◆ WHAT THIS TASK INVOLVES: Each line from the one with "Black Blue Night" through the last line below must be written out exactly. Do not copy pictures.

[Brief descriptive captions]
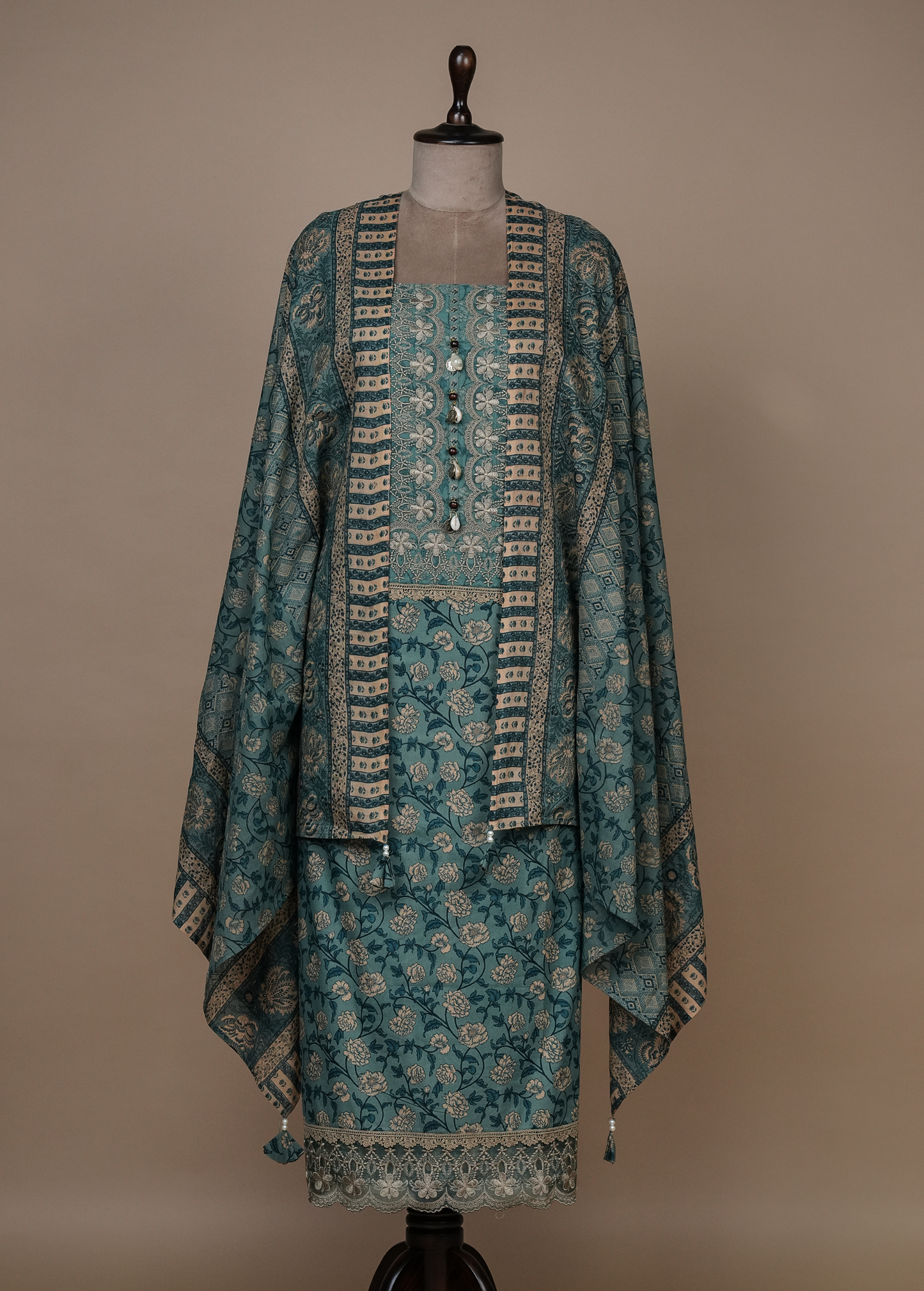 Blue Cotton Dress Material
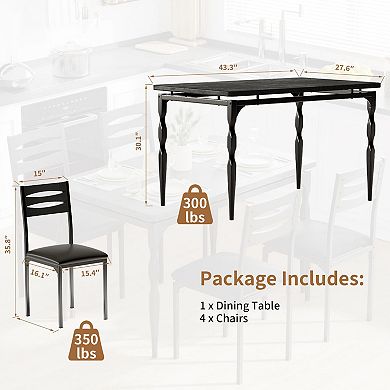 5-Piece Industrial Dining Table Set for 4,Spiral Metal Legs, Compact Furniture for Kitchen/Apartment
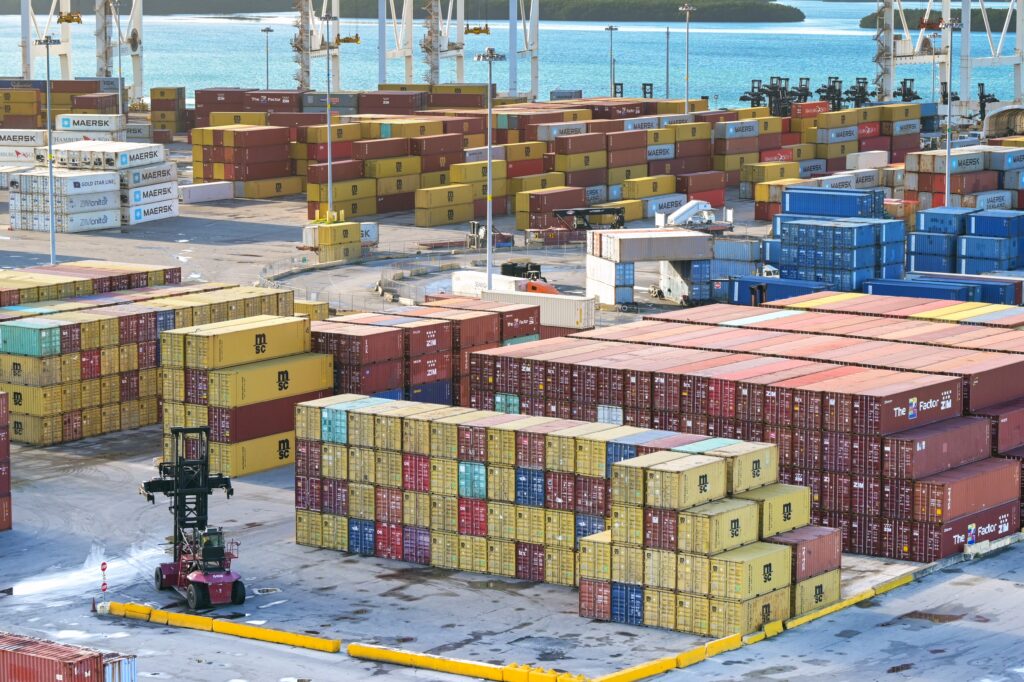 Shipping containers stacked in rows in the port of Miami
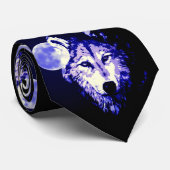 Black Blue Night Wolf & Moon Krawatte (Gerollt)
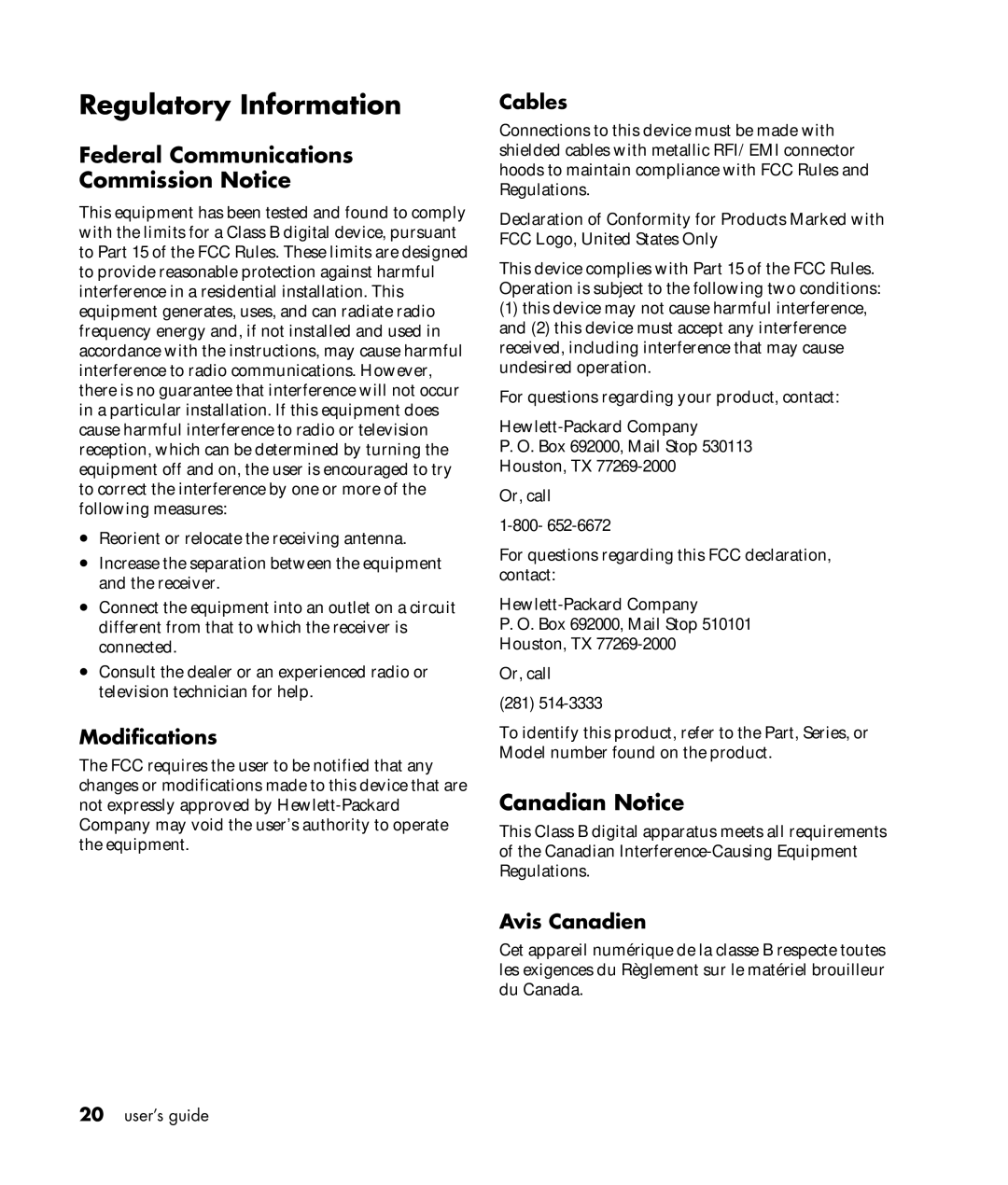 HP VF52 manual Regulatory Information, Federal Communications Commission Notice, Canadian Notice 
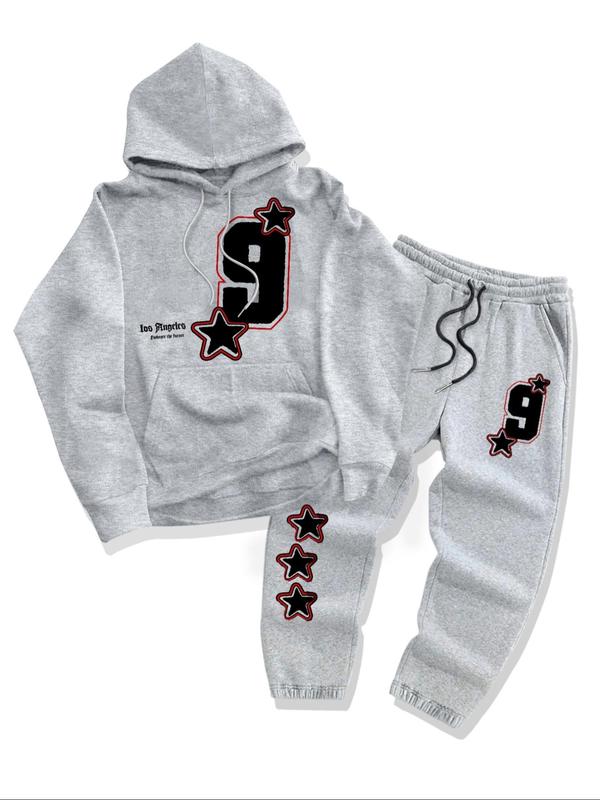 Men's Letter & Number Print Hoodie & Drawstring Waist Sweatpants Two-piece Set, Casual Loose Long Sleeve Hooded Top & Jogger Pants for Fall & Winter, Men's Two-piece for Daily Wear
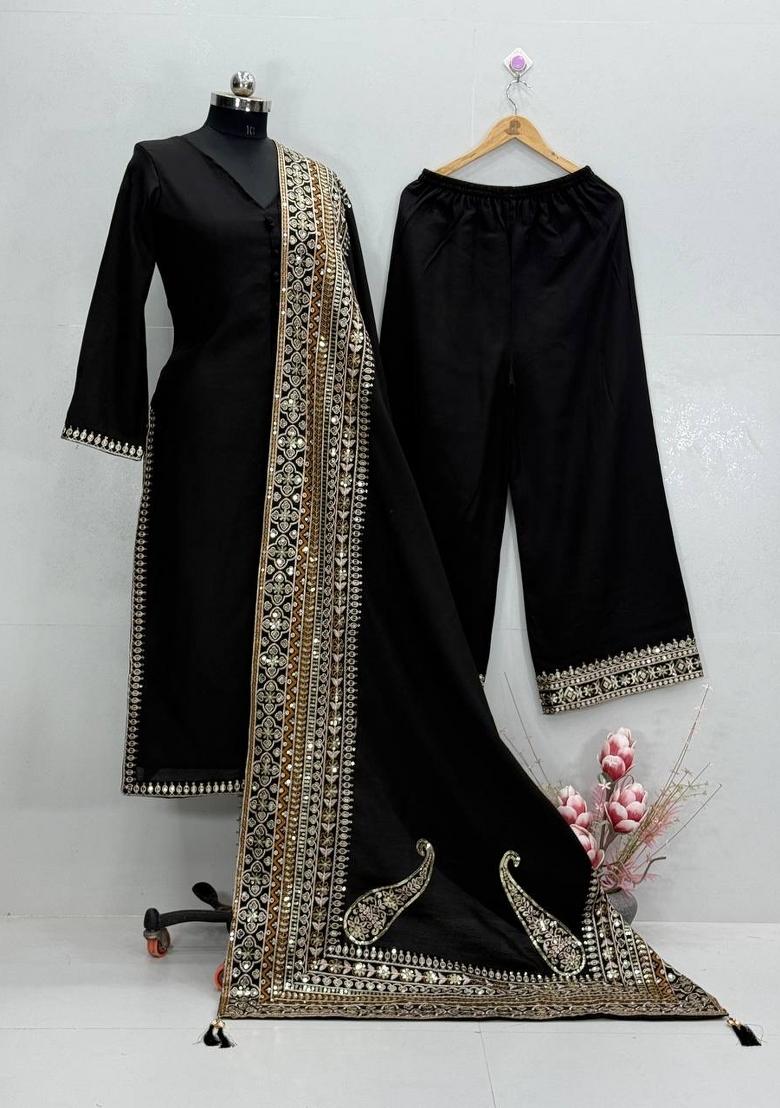Black Embroidered Silk Kurta Set - Indya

◆ RESPONSE AREA:
 Black Blue Night Wolf & Moon Krawatte (Gerollt)
 HP VF52 manual Regulatory Information, Federal Communications Commission Notice, Canadian Notice 
 Men's Letter & Number Print Hoodie & Drawstring Waist Sweatpants Two-piece Set, Casual Loose Long Sleeve Hooded Top & Jogger Pants for Fall & Winter, Men's Two-piece for Daily Wear
Black Embroidered Silk Kurta Set - Indya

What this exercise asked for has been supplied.